Many think (after reading my online BPD materials) that if they’ve hooked up with a Borderline, that man or woman has the same traits as their mother does or did.
This isn’t necessarily true, though I’ve worked with more than a few males who’ve stated that their BPD lover bore an uncanny resemblance to their mom when she was much younger.
What keeps us engaged with a personality disordered lover far past the point of recognizing how abusively they treat us, is the fact that they make us feel much like Mom did, about OURSELVES.
When they’re critical, guilting or shaming and we feel unloved or not good enough around ‘em, THIS is the aspect that keeps us coming back for more, because deep down inside, these are familiar feelings we had to endure from infancy, and beyond.
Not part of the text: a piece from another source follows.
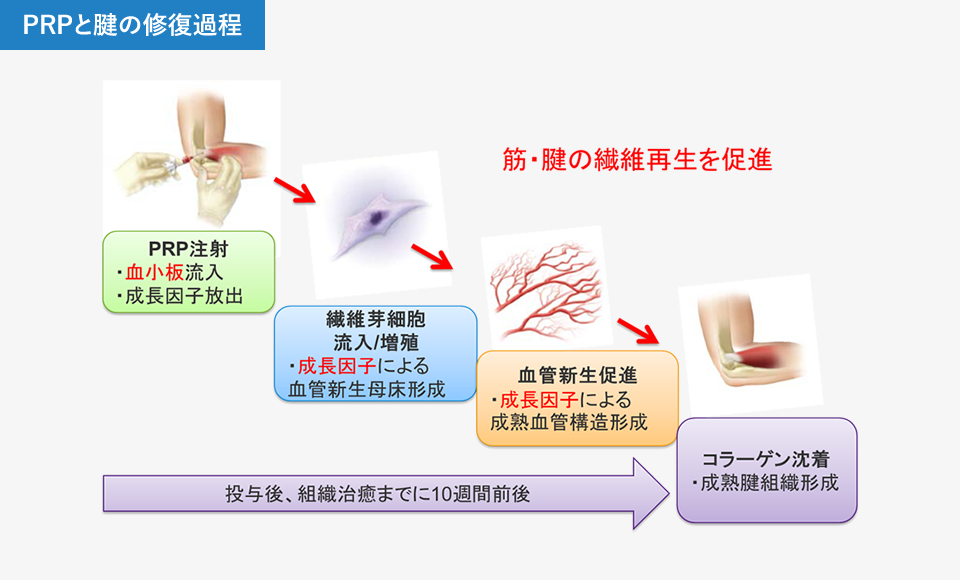 PRPと腱の修復過程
Our presumption as children is, who knows us better than our own mother does? She must be right about us when she’s angry and calls us a “bad” boy or girl. We are surely a defective, misbehaving, bad child, or wouldn’t we be receiving more love, affection and understanding from her??
Children learn to love themselves and others, by how they are treated in childhood. If you beat a dog from the time its a puppy, won’t it cower and shake each time you approach? Will it ever feel adored and trust that you mean it no harm? It’s the same for humans.
If we grew up feeling unlovable due to defective parenting, we remain utterly convinced it’s true about us! Isn’t it ironic, that the most important job there is on the planet requires no formal schooling or training?
Raising a child is a privilege. Sadly, too many regard it as an obligation or nuisance.
"Sadly, too many regard it as an obligation or nuisance."
With very tragic consequences, if I may add.